PROBLEM
Your copy must start with the line containing "White Stuff Blue" and end with the last line of the entries, matching them exactly and leaving out every picture.

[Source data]
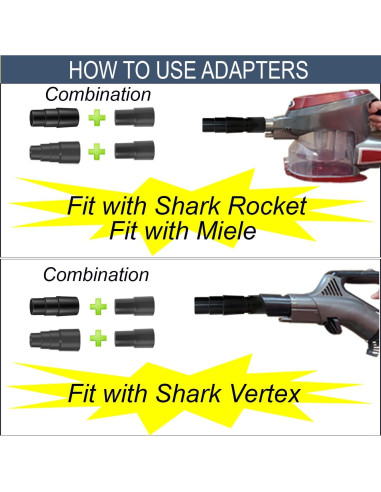 Kit Adaptador Aspiradora GHAMADE para Shark y Miele 32/35mm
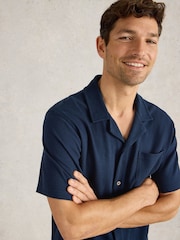 White Stuff Blue 100% Cotton Rib Short Sleeve Jersey Shirt - Image 4 of 6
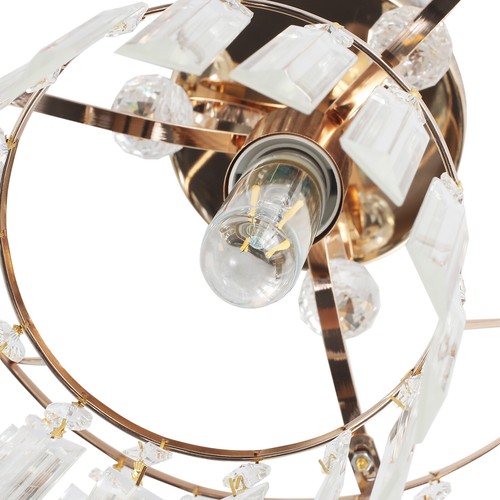 Crystal Round Chandelier Flush Mount Ceiling Light Gold Hanging Lamp For Home - Picture 4 of 15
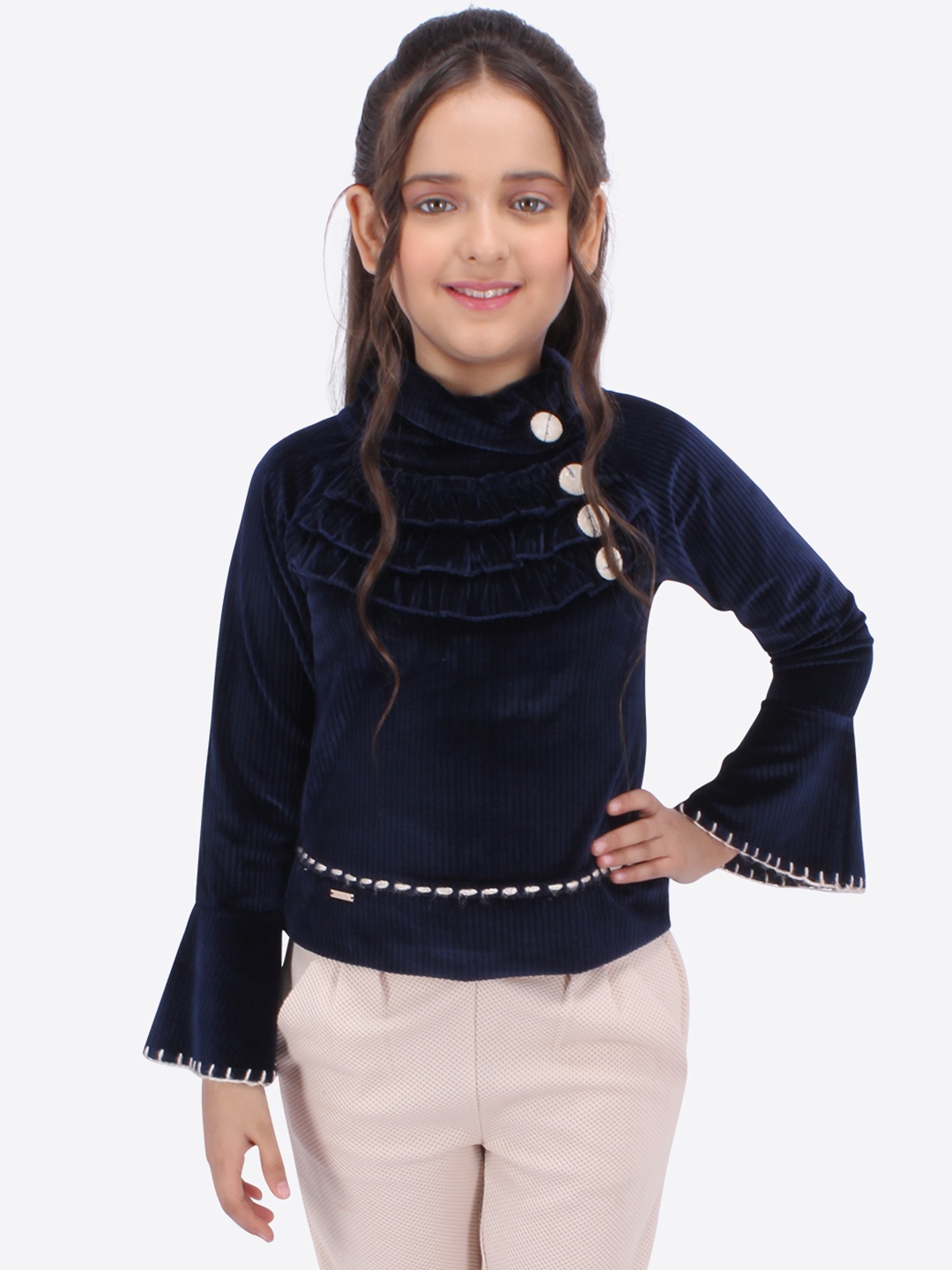 

CUTECUMBER Girls Navy Blue Solid Top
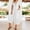 White, variant on Women's Denim Jumpsuits With Tie Front Cutout And Puff Sleeves Featuring Wide Leg Silhouette And Side Pockets Blue M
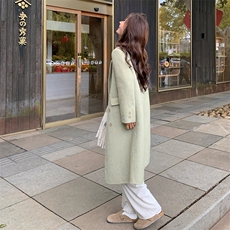 现货！高品70毛绿色毛呢大衣2C109-A755-P270-K378，女装毛呢外套，2C109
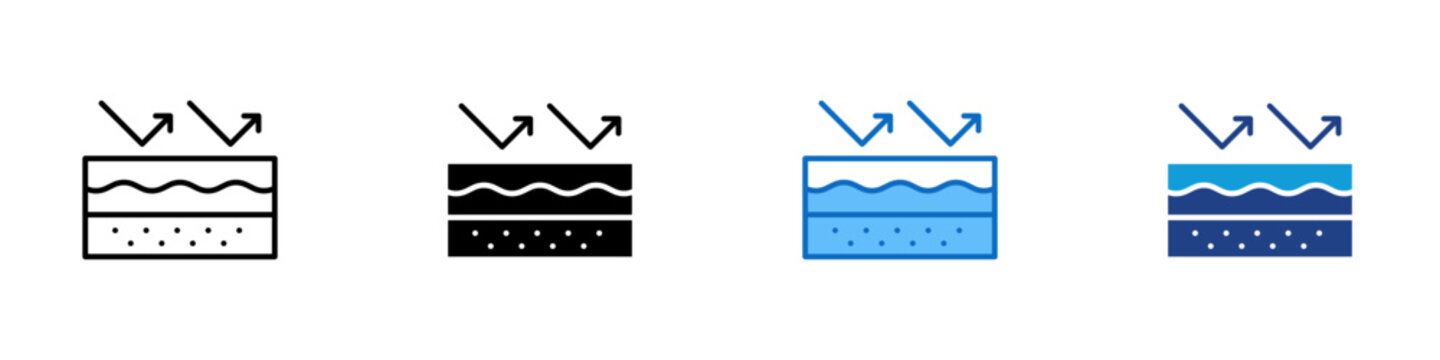 Skin Barrier Multiple Style Icon Design Vector - protected skin surface showing resistance against external elements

RESPONSE BELOW
 White Stuff Blue 100% Cotton Rib Short Sleeve Jersey Shirt - Image 4 of 6
 Crystal Round Chandelier Flush Mount Ceiling Light Gold Hanging Lamp For Home - Picture 4 of 15

CUTECUMBER Girls Navy Blue Solid Top
 White, variant on Women's Denim Jumpsuits With Tie Front Cutout And Puff Sleeves Featuring Wide Leg Silhouette And Side Pockets Blue M
 现货！高品70毛绿色毛呢大衣2C109-A755-P270-K378，女装毛呢外套，2C109
 Skin Barrier Multiple Style Icon Design Vector - protected skin surface showing resistance against external elements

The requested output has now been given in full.